» Task
Everything in the listing below must be duplicated exactly.
*** Opening Dataset extract ***
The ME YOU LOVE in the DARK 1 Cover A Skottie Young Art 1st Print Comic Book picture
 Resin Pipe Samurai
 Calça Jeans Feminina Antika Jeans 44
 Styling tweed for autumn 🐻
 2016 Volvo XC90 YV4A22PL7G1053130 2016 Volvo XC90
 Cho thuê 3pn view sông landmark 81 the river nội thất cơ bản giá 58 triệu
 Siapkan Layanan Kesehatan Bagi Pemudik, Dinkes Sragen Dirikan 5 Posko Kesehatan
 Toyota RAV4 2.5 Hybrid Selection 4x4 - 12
*** Closing Dataset extract ***
» Output
The ME YOU LOVE in the DARK 1 Cover A Skottie Young Art 1st Print Comic Book picture
 Resin Pipe Samurai
 Calça Jeans Feminina Antika Jeans 44
 Styling tweed for autumn 🐻
 2016 Volvo XC90 YV4A22PL7G1053130 2016 Volvo XC90
 Cho thuê 3pn view sông landmark 81 the river nội thất cơ bản giá 58 triệu
 Siapkan Layanan Kesehatan Bagi Pemudik, Dinkes Sragen Dirikan 5 Posko Kesehatan
 Toyota RAV4 2.5 Hybrid Selection 4x4 - 12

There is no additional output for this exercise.